Como en el caso de Kafka, hay una ironía efervescente en que el creador del personaje de Dorian Grey, el símbolo del Narciso en la literatura moderna, arremeta contra los autores que pretenden sin pudor hacerse a si mismos protagonistas de sus propias obras.
El personaje de Ricky Gervais en The invention of lying dice la primera mentira del mundo en un momento de desesperación, cuando todo a su alrededor está a punto de romperse, y desde ese mismo momento su propia vida y cómo lo ven los demás cambia para siempre.

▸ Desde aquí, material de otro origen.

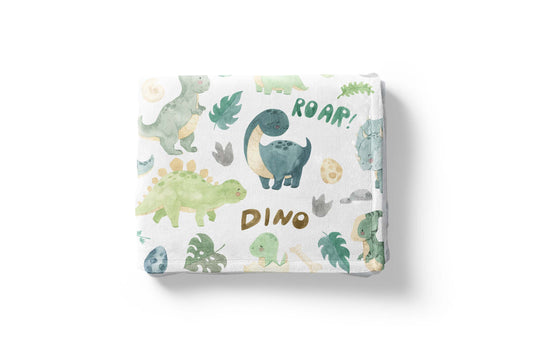 Dinosaurs blanket, Dinosaurs nursery bedding - Prehistoric Friends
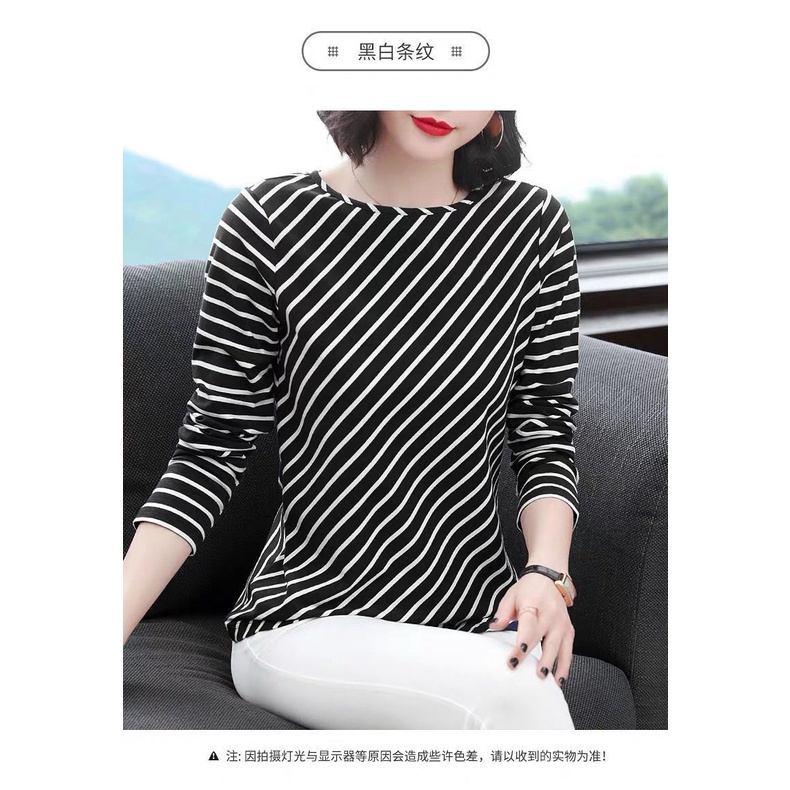 Áo Thun Tay Dài Dáng Rộng Plus Size Họa Tiết Kẻ Sọc Cho Phụ Nữ Trung Niên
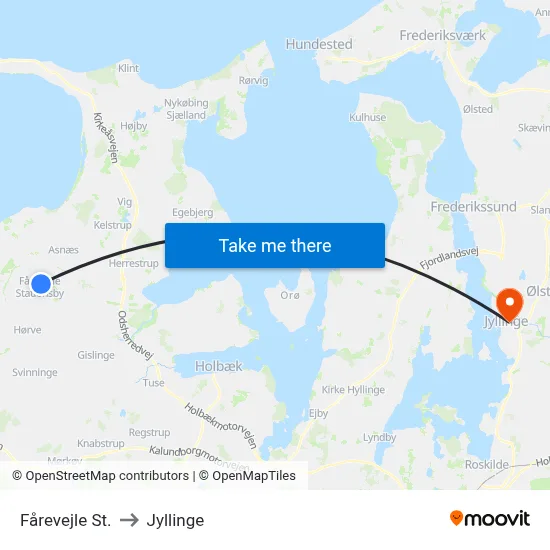 Fårevejle St. to Jyllinge map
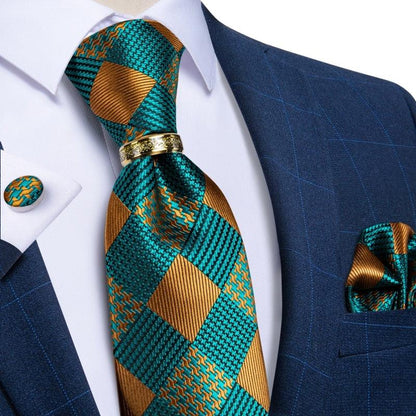 Checkered Silk Necktie Set - Necktie - Guocali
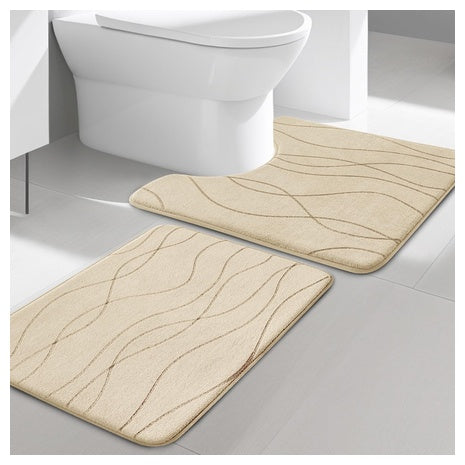 2 Piece Memory Foam Bathroom Rug Set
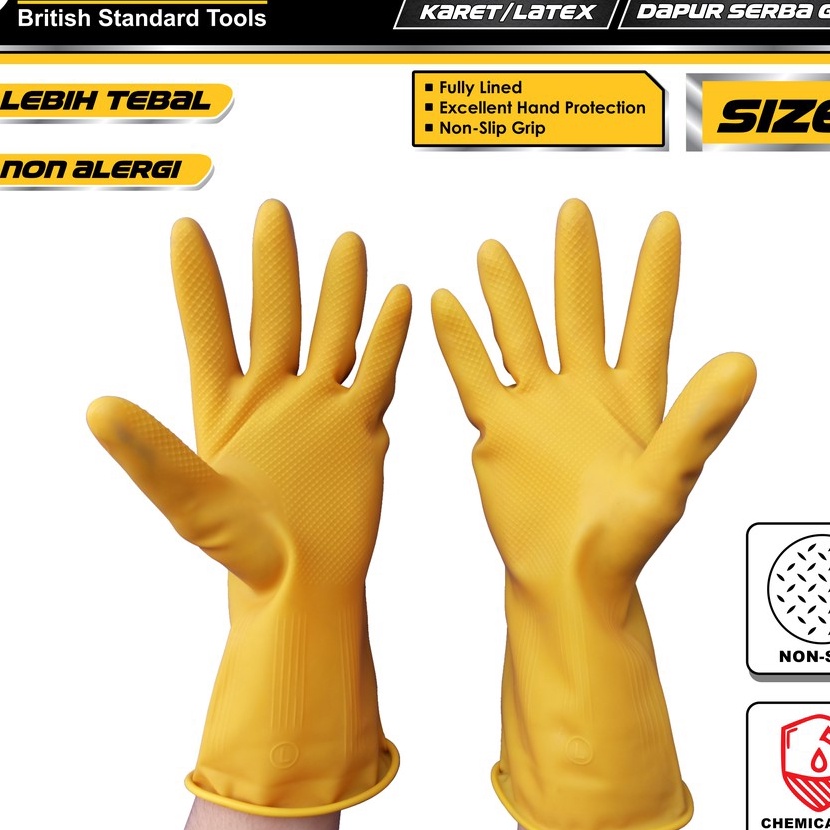 Terbatas Sherlock Sarung Tangan Karet Industrial Grade Premium Latex size L 85 gram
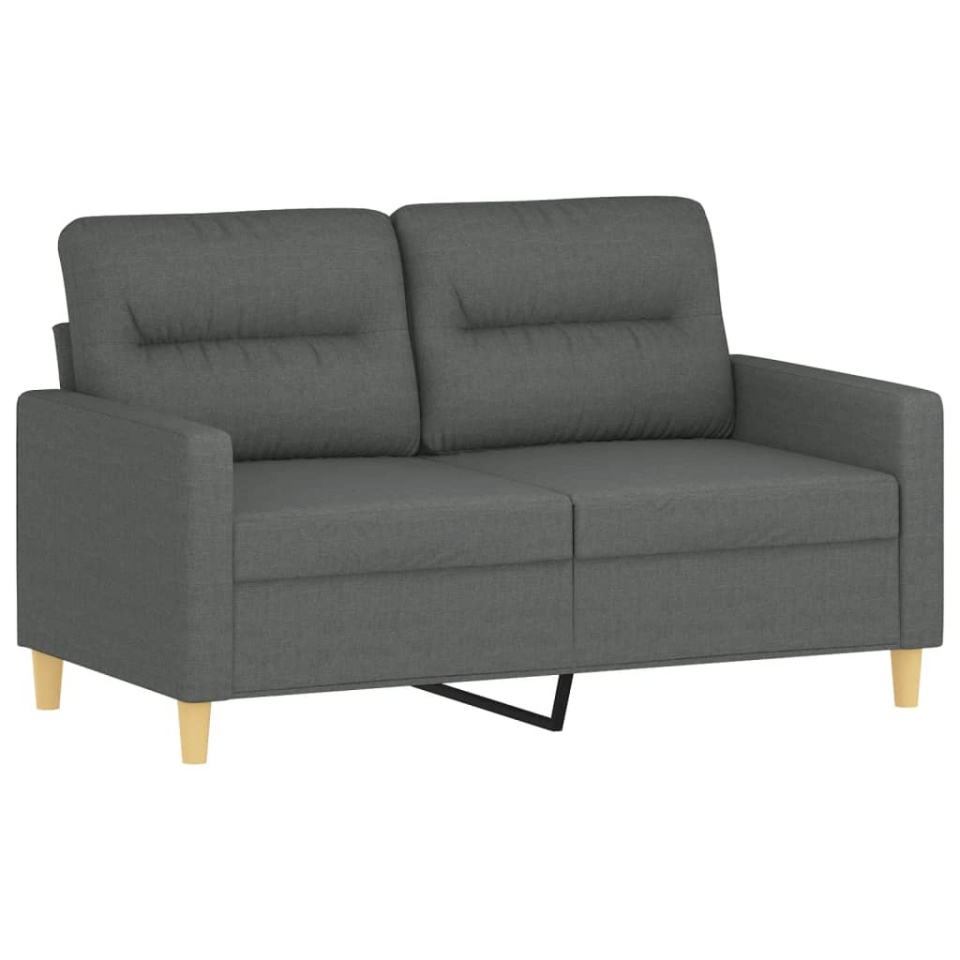 Set de canapele cu perne, 2 piese, gri închis, textil - 2 | YEO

La madurez en el siglo XXI es nuestro propio medio hostil siempre en un equilibrio impreciso, nos consagra a las tareas más absurdas del ser humano: prevenir el colesterol, ir a buscarnos a nosotros mismos donde sabemos perfectamente que no hemos estado nunca, correr sobre una cinta sin movernos del sitio o esperar colas en Correos. Necesitamos que la ficción venga a salvarnos, a convertir nuestra rutina en otra cosa y a hacernos creer que podemos ser algo más que esta sucesión de sinsentidos que se repetirán hasta el último día.
Por eso entregaremos nuestro amor eterno al embustero que nos cuente lo extraordinario que no hemos vivido y nos desvele el secreto que explica quiénes somos, un mentiroso brillante que cambie nuestro modo de vernos a nosotros mismos y de mirar alrededor.
The invention of lying la pillamos de casualidad en una de esas anacrónicas visitas al videoclub hace ya unos años.
El comienzo fue una gran sorpresa, con su premisa inicial de mundo sin mentiras y con Ricky Gervais me esperaba mucho. Pero quedó en un bluff tremendo. Me decepcionó bastante que un tipo que tiene un monólogo sobre «tiburones y nazis» no sacara más mala leche de esa idea.
la ficción, la mentira que nos salva… muy bueno. Gracias.